4. Median of Two Sorted Arrays && 295. Find Median from Data Stream

4. Median of Two Sorted Arrays

There are two sorted arrays nums1 and nums2 of size m and n respectively.

Find the median of the two sorted arrays. The overall run time complexity should be O(log (m+n)).

Example 1:

nums1 = [1, 3]
nums2 = [2]

The median is 2.0

Example 2:

nums1 = [1, 2]
nums2 = [3, 4]

The median is (2 + 3)/2 = 2.5

 Binary Search Array Divide and Conquer

 

Analyze:

array1, len m. cut i, i items on the left, (m-i) on the right.   
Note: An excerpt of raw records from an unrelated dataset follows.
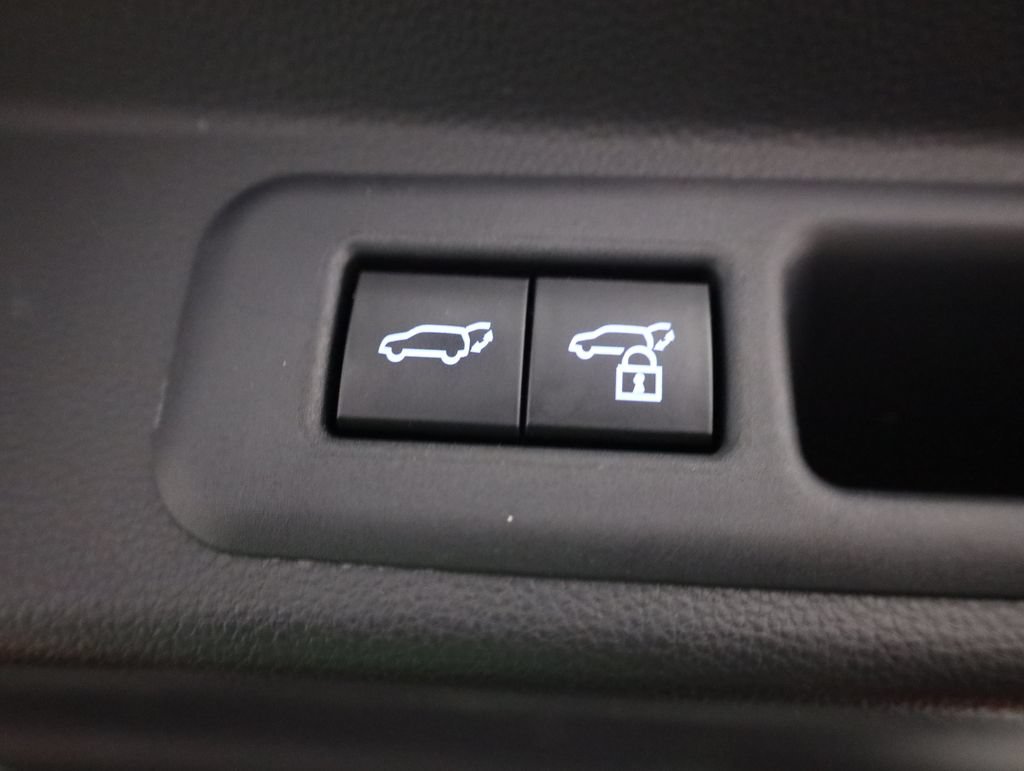 Used 2024 Toyota Sequoia Capstone AWD/4WD image 78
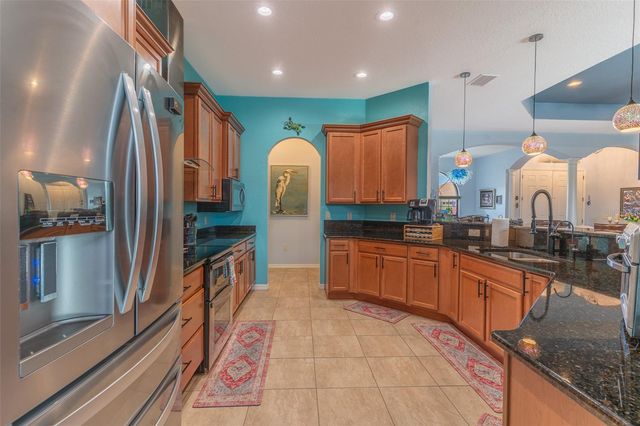 1394 OAKMONT DRIVE, Winter Haven, FL 33884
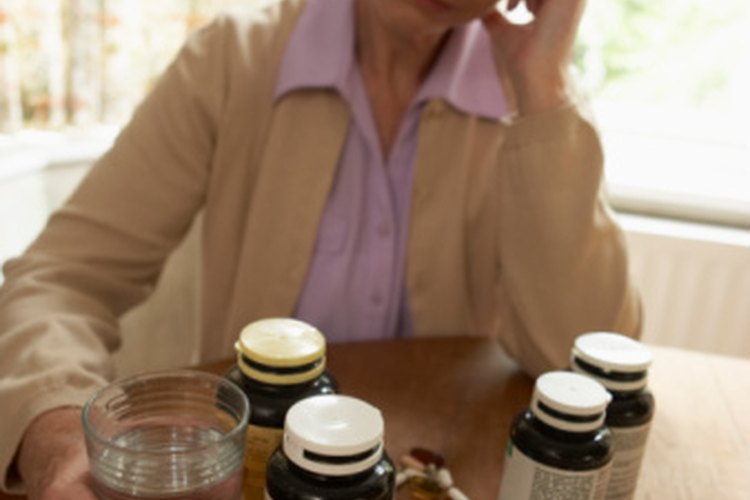 Nunca tomes suplementos dietarios con medicamentos de prescripción sin la aprobación de tu doctor.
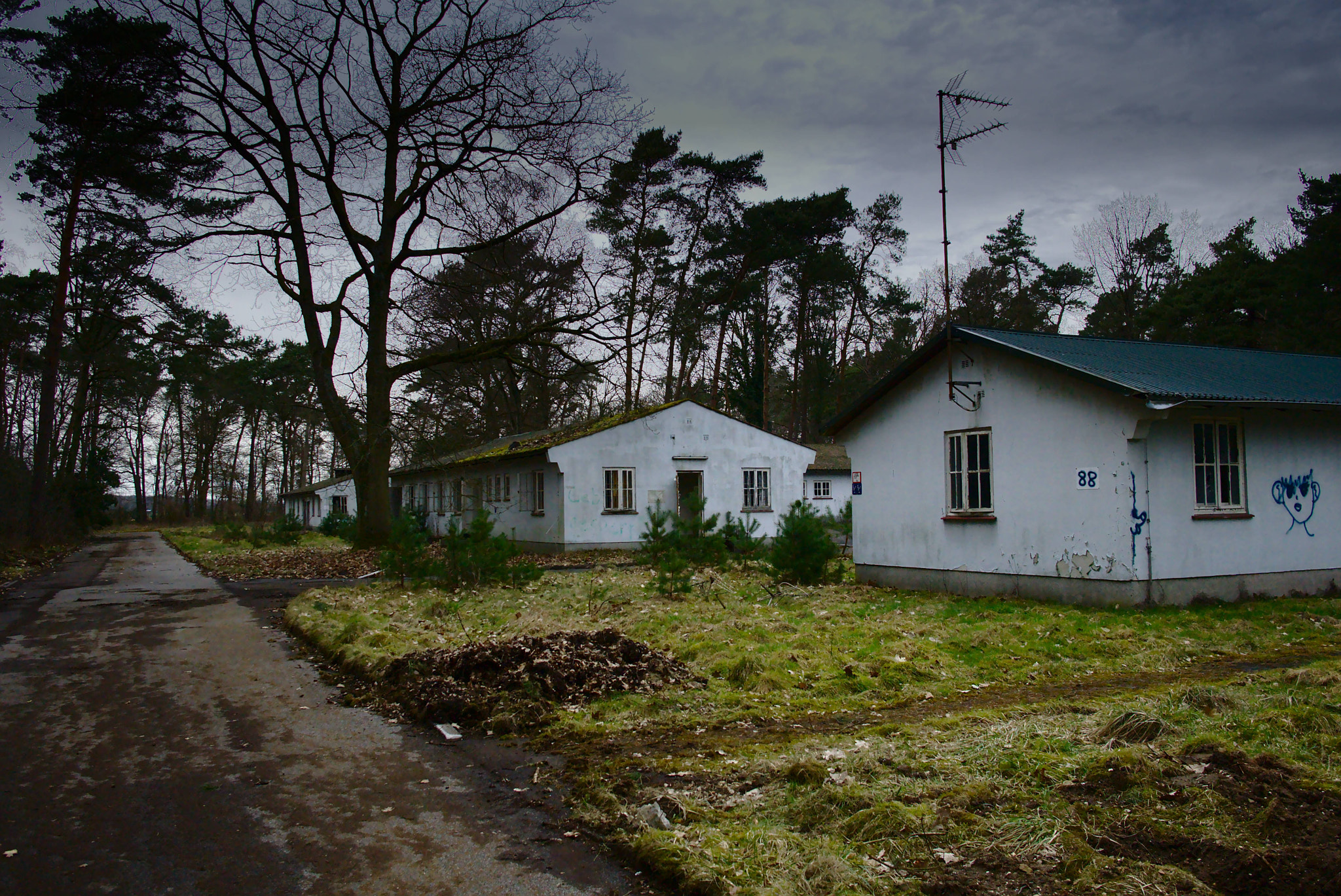 Sony a6000 + Sigma 19mm F2.8 EX DN sample photo. Raf hospital lostplace photography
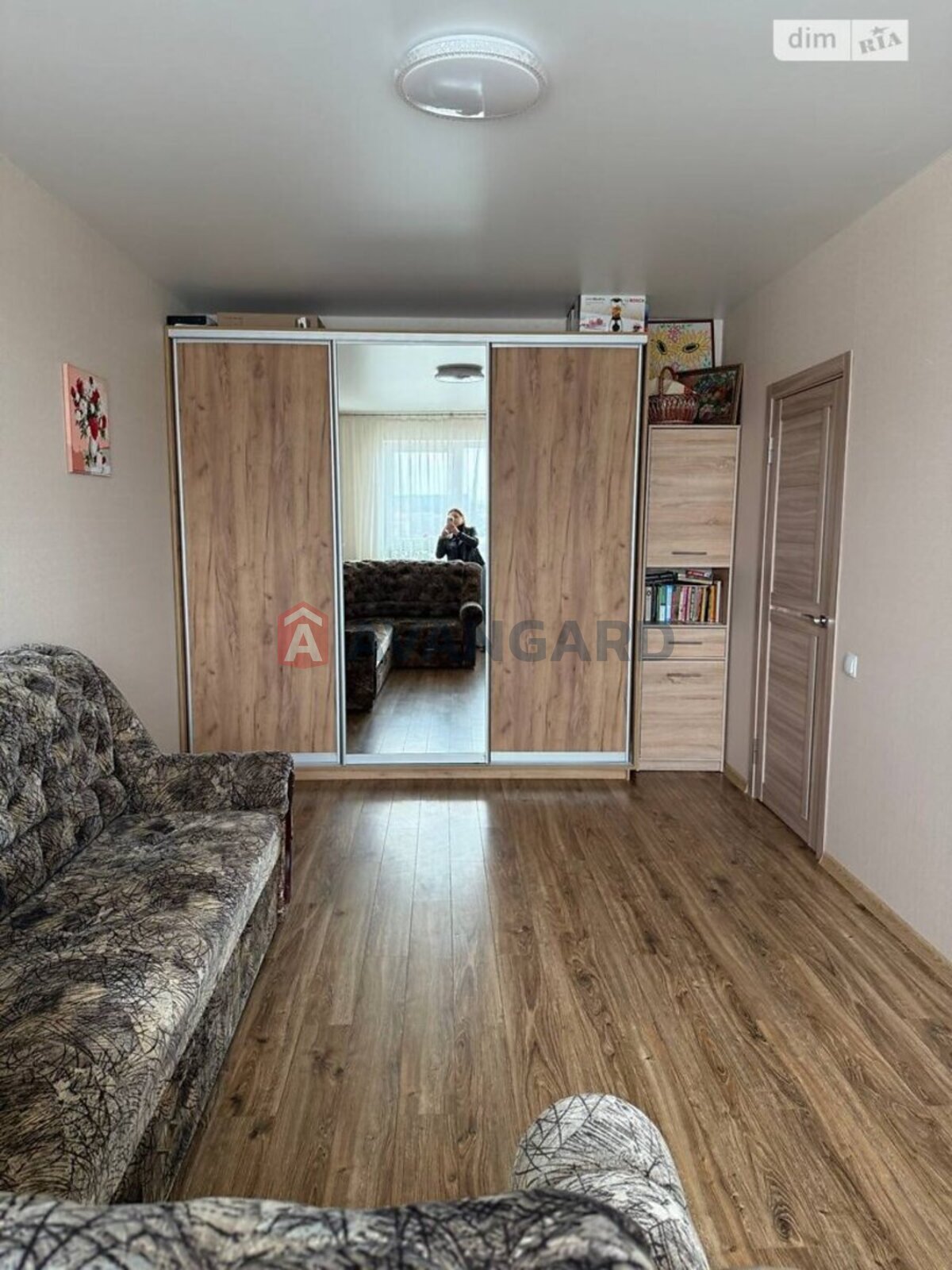 1 ��. ��������, 41/-/15 ��. �., 6/10 ������ ���� 10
array2, len n. cut j, j items on the left, (n-j) on the right.

 

a[0],a[1],...,a[cut-1]　　|　　a[cut], a[cut+1], ... a[l-1]

 

Find cut i in [0,m], and cut j in [0,n] such that

 

a1[i-1]<=a2[j] && a1[j-1] <= a2[i]

 

If M+N is even:

i+j = m-i + n-j.  

Median = 0.5*(Math.max(a1[i-1], a2[j-1) + Math.min(a1[i], a2[j]));

If M+N is odd:

i+j+1 = m-i + n-j. (You can always convert to this)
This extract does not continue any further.